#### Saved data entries
= = = = =

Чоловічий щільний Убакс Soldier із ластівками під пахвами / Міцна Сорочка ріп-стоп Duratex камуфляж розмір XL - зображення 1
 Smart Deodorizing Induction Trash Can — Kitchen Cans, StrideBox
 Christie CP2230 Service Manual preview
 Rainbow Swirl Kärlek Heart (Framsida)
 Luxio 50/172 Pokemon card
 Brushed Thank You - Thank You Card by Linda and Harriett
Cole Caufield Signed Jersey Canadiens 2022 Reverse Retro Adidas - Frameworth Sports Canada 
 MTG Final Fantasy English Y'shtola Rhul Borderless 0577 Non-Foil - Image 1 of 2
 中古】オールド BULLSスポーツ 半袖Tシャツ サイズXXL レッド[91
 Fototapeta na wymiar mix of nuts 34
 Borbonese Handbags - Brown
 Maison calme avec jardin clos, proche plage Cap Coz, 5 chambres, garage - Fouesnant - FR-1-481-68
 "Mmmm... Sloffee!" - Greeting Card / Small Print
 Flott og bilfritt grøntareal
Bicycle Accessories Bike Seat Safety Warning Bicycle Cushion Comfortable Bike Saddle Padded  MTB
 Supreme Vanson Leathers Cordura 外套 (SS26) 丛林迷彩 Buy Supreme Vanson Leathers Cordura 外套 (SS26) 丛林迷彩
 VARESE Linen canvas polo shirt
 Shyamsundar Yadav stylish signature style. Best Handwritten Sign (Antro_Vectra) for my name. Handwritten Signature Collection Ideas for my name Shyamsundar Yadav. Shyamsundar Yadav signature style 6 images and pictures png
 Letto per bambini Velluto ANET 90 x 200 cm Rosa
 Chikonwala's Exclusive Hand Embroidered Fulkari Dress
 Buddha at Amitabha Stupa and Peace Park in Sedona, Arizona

= = = = =

#### TASK BRIEF
Print all the data above word for word.

#### ANSWER TO THE EXERCISE
Чоловічий щільний Убакс Soldier із ластівками під пахвами / Міцна Сорочка ріп-стоп Duratex камуфляж розмір XL - зображення 1
 Smart Deodorizing Induction Trash Can — Kitchen Cans, StrideBox
 Christie CP2230 Service Manual preview
 Rainbow Swirl Kärlek Heart (Framsida)
 Luxio 50/172 Pokemon card
 Brushed Thank You - Thank You Card by Linda and Harriett
Cole Caufield Signed Jersey Canadiens 2022 Reverse Retro Adidas - Frameworth Sports Canada 
 MTG Final Fantasy English Y'shtola Rhul Borderless 0577 Non-Foil - Image 1 of 2
 中古】オールド BULLSスポーツ 半袖Tシャツ サイズXXL レッド[91
 Fototapeta na wymiar mix of nuts 34
 Borbonese Handbags - Brown
 Maison calme avec jardin clos, proche plage Cap Coz, 5 chambres, garage - Fouesnant - FR-1-481-68
 "Mmmm... Sloffee!" - Greeting Card / Small Print
 Flott og bilfritt grøntareal
Bicycle Accessories Bike Seat Safety Warning Bicycle Cushion Comfortable Bike Saddle Padded  MTB
 Supreme Vanson Leathers Cordura 外套 (SS26) 丛林迷彩 Buy Supreme Vanson Leathers Cordura 外套 (SS26) 丛林迷彩
 VARESE Linen canvas polo shirt
 Shyamsundar Yadav stylish signature style. Best Handwritten Sign (Antro_Vectra) for my name. Handwritten Signature Collection Ideas for my name Shyamsundar Yadav. Shyamsundar Yadav signature style 6 images and pictures png
 Letto per bambini Velluto ANET 90 x 200 cm Rosa
 Chikonwala's Exclusive Hand Embroidered Fulkari Dress
 Buddha at Amitabha Stupa and Peace Park in Sedona, Arizona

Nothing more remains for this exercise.